ANALYSIS: By Grant Duncan, Massey University

With a new prime minister sworn in and a cabinet reshuffle imminent, it is no exaggeration to say the election year in Aotearoa New Zealand has begun with a bang. Already the punditry and speculation are ramping up, with anticipation building for the first opinion polls.

There will be more polls to come, of course, but a word of caution is in order: don’t treat them as gospel, and try not to let them become self-fulfilling prophecies.

At this point, we cannot predict who will form New Zealand’s next government, and it could yet be a tight race.

Furthermore, political polling has not had a stellar record in recent times. Former prime minister Jim Bolger’s famous remark from 1993, after he didn’t get the election majority he expected, still resonates: “Bugger the polls.”

It’s not just a local phenomenon, either. The results of the Brexit referendum and the Trump–Clinton presidential contest in 2016, and the 2019 Australian election, were all out of line with preceding opinion polls.

In 2020, the US presidential polls were off by about four percentage points. And the 2022 US midterm elections didn’t produce the landslide (or “red tsunami”) many Republicans had predicted.

Election night 2020
Election night 2020 . . . polls consistently underestimated the Labour Party’s eventual majority. Image: Getty Images/The Conversation

The 2020 election miss
It is a similar story in Aotearoa New Zealand. In 2020, the polls immediately prior to the election overestimated the National vote and underestimated Labour’s.

Taking the averages of the results of all six polls published during the month before election day, National emerged on 30.9 percent and Labour on 47.2 percent. In the final three polls during the two weeks when advance voting was open, the averages were National 31.4 percent and Labour 46.3 percent.

The gap was closing and Labour would land on about 46 percent, or so it seemed. As Labour’s trend in the polls since mid-2020 was already downward, 45 percent looked plausible. But predictions based on the opinion polls were significantly wrong.

Labour’s election result was 50 pecent, National’s only 25.6 percent.
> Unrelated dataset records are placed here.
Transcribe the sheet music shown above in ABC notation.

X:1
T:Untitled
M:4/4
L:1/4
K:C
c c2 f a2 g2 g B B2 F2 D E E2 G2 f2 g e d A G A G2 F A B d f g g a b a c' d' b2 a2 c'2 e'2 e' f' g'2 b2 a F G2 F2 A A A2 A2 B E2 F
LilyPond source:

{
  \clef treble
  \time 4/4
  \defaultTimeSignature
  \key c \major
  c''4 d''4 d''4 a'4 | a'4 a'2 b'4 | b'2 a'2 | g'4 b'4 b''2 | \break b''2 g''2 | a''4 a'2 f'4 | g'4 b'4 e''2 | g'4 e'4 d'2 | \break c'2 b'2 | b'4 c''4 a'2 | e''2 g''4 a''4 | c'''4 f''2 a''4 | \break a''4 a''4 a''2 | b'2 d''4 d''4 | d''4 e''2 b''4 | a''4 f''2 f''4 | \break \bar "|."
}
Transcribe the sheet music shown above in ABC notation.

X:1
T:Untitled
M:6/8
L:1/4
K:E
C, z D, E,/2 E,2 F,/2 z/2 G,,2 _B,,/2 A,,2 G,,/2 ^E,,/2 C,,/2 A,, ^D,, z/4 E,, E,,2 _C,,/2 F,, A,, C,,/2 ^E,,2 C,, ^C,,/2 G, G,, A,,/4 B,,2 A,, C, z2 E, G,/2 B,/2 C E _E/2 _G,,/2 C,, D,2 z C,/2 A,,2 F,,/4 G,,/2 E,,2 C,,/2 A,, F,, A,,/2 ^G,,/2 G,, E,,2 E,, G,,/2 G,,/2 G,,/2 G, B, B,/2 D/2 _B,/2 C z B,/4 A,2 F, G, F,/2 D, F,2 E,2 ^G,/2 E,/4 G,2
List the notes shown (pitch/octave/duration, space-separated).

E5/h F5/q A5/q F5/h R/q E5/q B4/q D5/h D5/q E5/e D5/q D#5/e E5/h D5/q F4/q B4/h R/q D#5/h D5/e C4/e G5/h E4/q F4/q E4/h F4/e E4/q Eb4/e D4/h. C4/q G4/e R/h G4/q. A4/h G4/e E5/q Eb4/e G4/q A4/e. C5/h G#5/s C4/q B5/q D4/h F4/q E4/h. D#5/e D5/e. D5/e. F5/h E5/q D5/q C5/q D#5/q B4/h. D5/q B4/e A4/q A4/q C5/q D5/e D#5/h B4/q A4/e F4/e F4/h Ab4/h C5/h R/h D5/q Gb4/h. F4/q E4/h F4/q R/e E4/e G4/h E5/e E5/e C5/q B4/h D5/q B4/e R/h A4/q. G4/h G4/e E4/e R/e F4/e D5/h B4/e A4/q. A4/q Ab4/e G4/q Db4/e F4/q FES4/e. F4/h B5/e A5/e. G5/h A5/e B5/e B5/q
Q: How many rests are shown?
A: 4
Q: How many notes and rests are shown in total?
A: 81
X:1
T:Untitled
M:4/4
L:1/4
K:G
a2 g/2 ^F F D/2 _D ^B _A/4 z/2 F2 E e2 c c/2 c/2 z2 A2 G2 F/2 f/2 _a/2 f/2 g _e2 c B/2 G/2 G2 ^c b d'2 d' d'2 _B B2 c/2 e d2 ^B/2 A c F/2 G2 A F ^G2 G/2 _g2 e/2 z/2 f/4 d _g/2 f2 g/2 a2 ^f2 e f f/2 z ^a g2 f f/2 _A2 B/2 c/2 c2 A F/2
The polls in the final fortnight were overestimating National by an average of 5.8 percentage points. They were underestimating Labour by 3.7 points. The Green and Māori parties were also underestimated (1.1 and 0.7 points, respectively).

There were even bigger failures in polls showing Green candidate Chlöe Swarbrick running third in Auckland Central with about 25 percent of the vote. Instead, she got 35 percent and won the seat.

Green MP Chlöe Swarbrick
Green MP Chlöe Swarbrick on election night 2020 . . . polls had placed her third but she won the Auckland Central seat. Image: Getty Images/The Conversation

Statistics 101
The opinion polls and the election — the only poll that counts, as the saying goes — use different methods with different samples. They are intended for different purposes, and hence their results will differ, too.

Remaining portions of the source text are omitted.